As CREMMALab focused on the transcription of medieval manuscripts, so did the first CATMuS dataset and guidelines. As I said in my previous post, I focused on data covering the modern and contemporary periods, for which there was no equivalent to the CREMMALab guidelines. So, when extending CATMuS to these periods, I started with collecting existing guidelines and comparing them. I used the CREMMA Medieval guidelines, the CREMMA guidelines for modern and contemporary documents, SETAF's guidelines and CATMuS Print's guidelines as a basis to elaborate the transcription rules for McCATMuS.

For each rubric, I compared what each set of rules suggested, when they covered it. It was rare for all guidelines to align, but some cases were easy to solve. For example, all the guidelines recommended not to differentiate between regular s (⟨s⟩) and long s (⟨ſ⟩), except for the rules I had set for the modern and contemporary sources transcribed by CREMMA in 2021, before the CREMMALab seminar. It was thus decided that for McCATMuS there would be no distinction between all types of s's.

Some rubrics needed to be discussed to figure out why the rule had been chosen in the first place by some of the projects, to decide which one to keep for McCATMuS. In February, I met with Ariane Pinche and Simon Gabay to go over the rubrics that still needed to be set. One example of a rule we discussed is how hyphenations are handled. CATMuS Medieval and the two CREMMA guidelines say to always use the same symbol (⟨-⟩), whereas for the SETAF and CATMuS Print datasets, inline hyphenations (⟨-⟩) are differentiated from hyphenations at the end of a line (⟨¬⟩). Other symbols, like ⟨⸗⟩, were unanimously rejected.

Two factors were considered when making those decisions: the feasibility of a retro-conversion for the existing datasets and the compatibility of the rule with a maximum of projects. In the case of hyphenations, I eventually decided to follow the same rule as CATMuS Medieval and CREMMA. On top of simplifying the compatibility of McCATMuS with CATMuS Medieval, I found that replacing all ⟨¬⟩ with ⟨-⟩, rather than retroactively place ⟨¬⟩ where there was indeed an hyphenation at the end of a line1 was much more straightforward.

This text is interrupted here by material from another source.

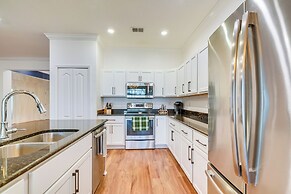 Brooksville Home ~ 12 Mi to Cabot Citrus Farms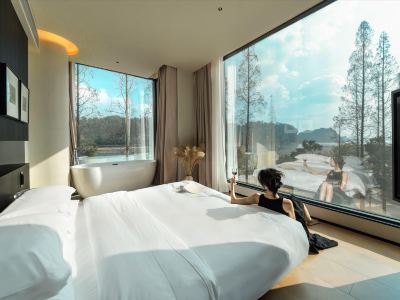 Lex River View Hotel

Once the set of rules was fixed, I used it to sort between the different datasets I had identified (I'll discuss this in the next post) and to decide which one would be retained for McCATMuS v1. I also defined the transformation scenarios necessary to turn each of these datasets into a CATMuS-compatible version. Then, once McCATMuS v1 was ready, I integrated the modern and contemporary guidelines into the CATMuS website, where the transcription guidelines for CATMuS medieval were already published.

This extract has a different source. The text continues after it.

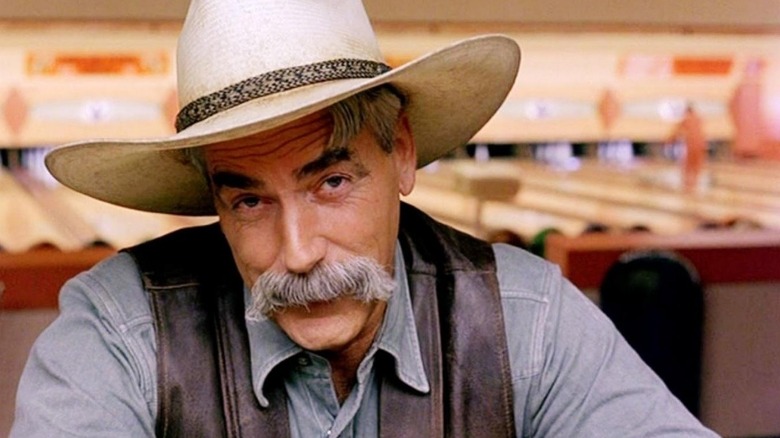 The Stranger finishing up his story to the viewer in The Big Lebowski (1998)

Now that I am done integrating the rules set for McCATMuS into the website, I am confident that we have successfully designed rules that are overall compatible across the medieval, modern and contemporary periods, despite some unavoidable exceptions. Two good examples of the impossibility to cover a whole millennium of document production with the same rule are the abbreviations and the punctuation signs.

I've now explained how the transcription guidelines were established for McCATMuS. Next, I'll cover how they were integrated into existing datasets to create the first version of the McCATMuS dataset.


  1. You can't assume that every instance of ⟨-⟩ at the end of a line must be replaced with a ⟨¬⟩. In many cases, this can be a simple typographic decoration marking the end of a paragraph or the end of a title.